People receiving estrogen and testosterone treatments as a part of their gender transition have an increased risk of heart attacks, strokes and blood clots. Photo by ronstik/Shutterstock
Feb. 18 (UPI) -- Transgendered people who've undergone hormone therapy may be at an elevated risk for cardiovascular events, a new study says.
People receiving estrogen and testosterone treatments as a part of their gender transition have an increased risk for heart attacks, strokes and blood clots, according to a study published Monday in the journal Circulation, though researchers note that the risk appears to decrease over time.
While receiving hormone therapy during a transition, transgender women had more than twice as many strokes, five times as many deep-vein clots and twice the rate of heart attacks as cisgender women.
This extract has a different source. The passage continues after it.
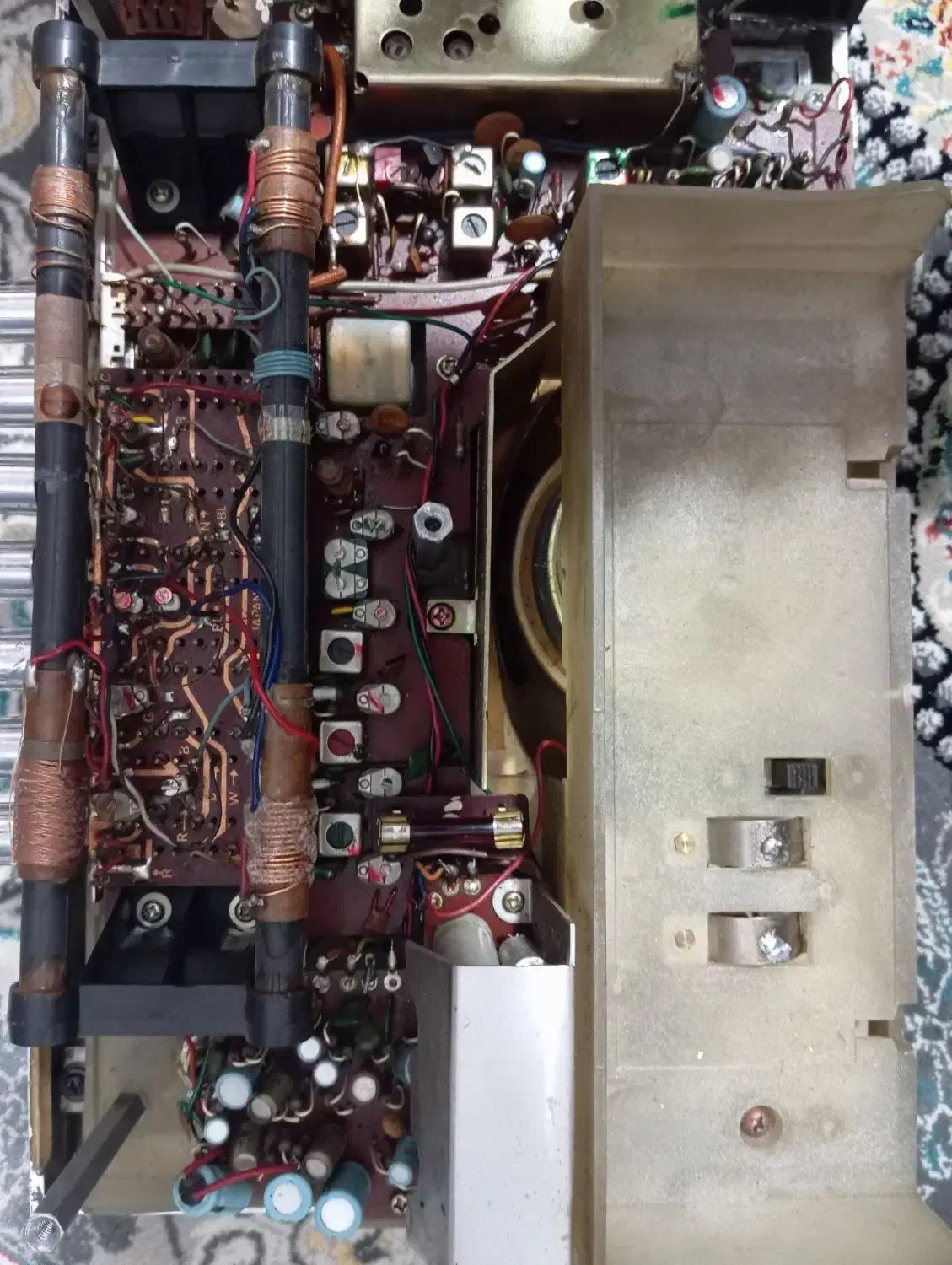 رادیو قدیمی|کلکسیون اشیاء عتیقه|قدس, شهرقدس|دیوار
And transgender men had almost twice as many strokes, more than four times as many deep-vein clots and more than twice the rate of heart attacks as cisgender men.
Compared to cisgender women, transgender men also had more than a three-fold increase in heart attack risk.
"In light of our results, we urge both physicians and transgender individuals to be aware of this increased cardiovascular risk," Nienke Nota, a researcher in the department of endocrinology at the Amsterdam University Medical Center and a study author, said in a news release.
The study analyzed transgender people who received hormone therapy between 1972 and 2015, but it didn't account for other risk factors like smoking or eating habits.
The researchers, however, say that this study wasn't meant to find the cause of the increased cardiovascular risk, just to point out that one exists.
Although, other research has attempted to determine what effect hormone therapy has on the heart, a 2018 study found that receiving estrogen and testosterone treatments may raise triglycerides in both transgender men and transgender women.
High triglycerides can increase any person's risk for a heart attack, the CDC says.
"It may be helpful to reduce risk factors by stopping smoking, exercising, eating a healthy diet and losing weight, if needed before starting therapy, and clinicians should continue to evaluate patients on an ongoing basis thereafter," Nota said.